Ivy and the Big Apples is the third studio album by Australian rock band Spiderbait. It became a double platinum-selling record that reached the top 10 of the albums chart in Australia and won the 1997 ARIA Award for Best Alternative Release. It features the single "Buy Me a Pony", which was voted in at number one on the Triple J Hottest 100, 1996. The third single "Calypso" peaked at number 13 on the Australian singles chart and was notably featured in the movie 10 Things I Hate About You, despite not being included on the soundtrack. Speaking to Double J in 2016, English explained that the group's success was as surprising as it was improbable. In an interview with Rolling Stone Australia, English remarked, "We were a pretty unlikely hit band," and "[We had] two singers and this genre spread where people couldn't quite pin down what we were doing."

Professional ratings
Review scores
| Source | Rating |
| AllMusic | Star |

== Recording ==
The album was both recorded at Studios 301 in Sydney and Rockinghorse Studios in Byron Bay. The album's title was named after a lady named Ivy who lived in Finley, New South Wales and sold big apples. Tracks 1 to 6 and 12 to 16 were recorded at Studio 301 in Sydney by Phil McKellar, assisted by Aaron Pratley and produced by Phil and Spiderbait. At Studio 301 the Neve desk and many of the old microphones remained from the studios origins. The room itself was big and beautifully designed. Thus the sounds had more presence and clarity than in previous recordings. A good example of this is the track "Goin Off" where Janet's vocals were done with an old German AKG mike that dated back to the 1950s. Kram's drum sounds and Whit's guitar in "Chest Hair" and "Driving Up the Ceiling" not only reflects the warm ambience of the room but also illustrates how the studio's equipment and Phil's production improved the overall sound of the record. Tracks 7 to 11 tell a different story.

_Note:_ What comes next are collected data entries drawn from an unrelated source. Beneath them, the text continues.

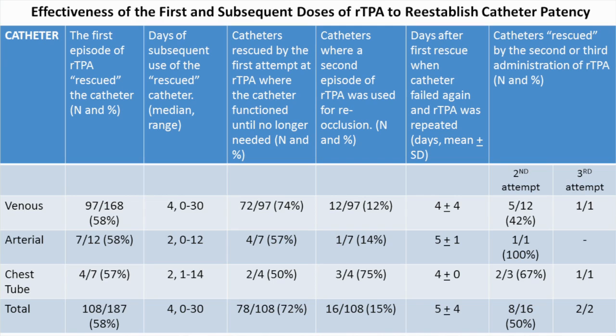We found that 78% of the doses were given to clear central venous catheters, with a lower percentage in arterial and chest tubes. We found that 108 of 187 catheters were cleared on the first administration of recombinant TPA — about 58%. Of that 58%, 72% of those catheters went on to maintain patency until they were no longer needed. 16 out of the 108, or 15% of those catheters, re-occluded in approximately 5 to 9 days.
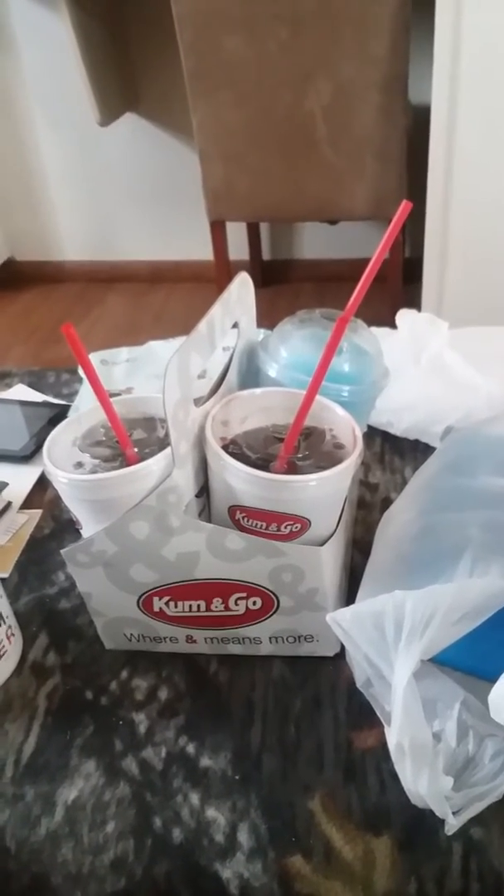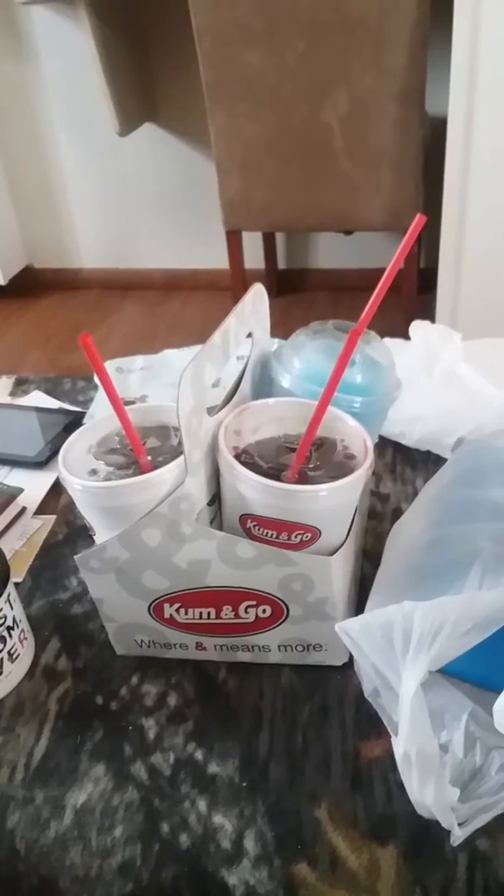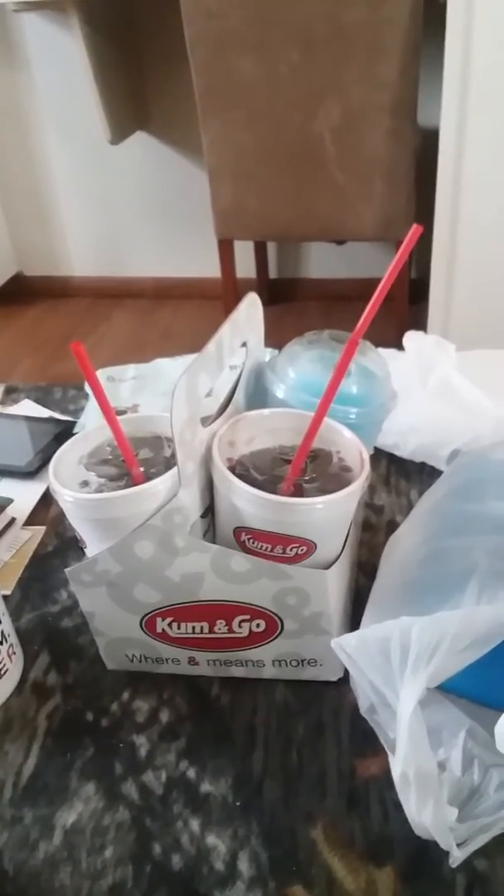Today I'm going to be telling you about the over $12 breakfast buffet that I just purchased at Come and Go. First of all, we get soda number one, soda number two, and slushy number one.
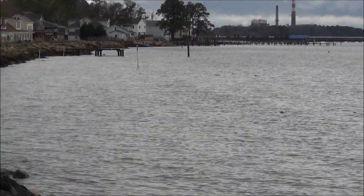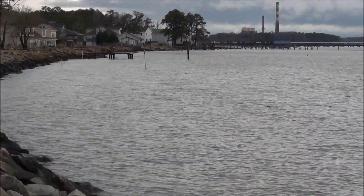The oyster cages are on the bottom of the water, on the sand, under the water. They're out of sight 99.9% of the time. Occasionally at an extremely low tide you'll see the top portion of those cages, but 99.9% of the time they're underwater.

Recorded at Rockinghorse Studios in Byron Bay by Paul McKercher and produced by Paul and Spiderbait. The band wanted to provide the record with more dynamics. A rawer more abrasive sound was achieved from Rockinghorse Studios. Paul's production on "Don't Kill Nipper" and "Conjunctivitis" show the trashy side of the band. Also, from these sessions came Whit's looped-based tracks "Horschack Army" and "Joyce's Hut". In between the recordings, the band embarked on their first overseas tour through Canada and the U.S.

== Legacy ==
Ivy was a turning point for the group. Ivy and the Big Apples became Spiderbait's most successful album, selling almost 250,000 copies. The album's first single, "Buy Me a Pony", was voted Triple J's Hottest 100 and received over 300,000 votes in December 1996. It was the first ever Australian release to be voted #1 song of the year. The album peaked at #2 on the national charts, and the third single Calypso became the band's largest seller, going gold in 1997.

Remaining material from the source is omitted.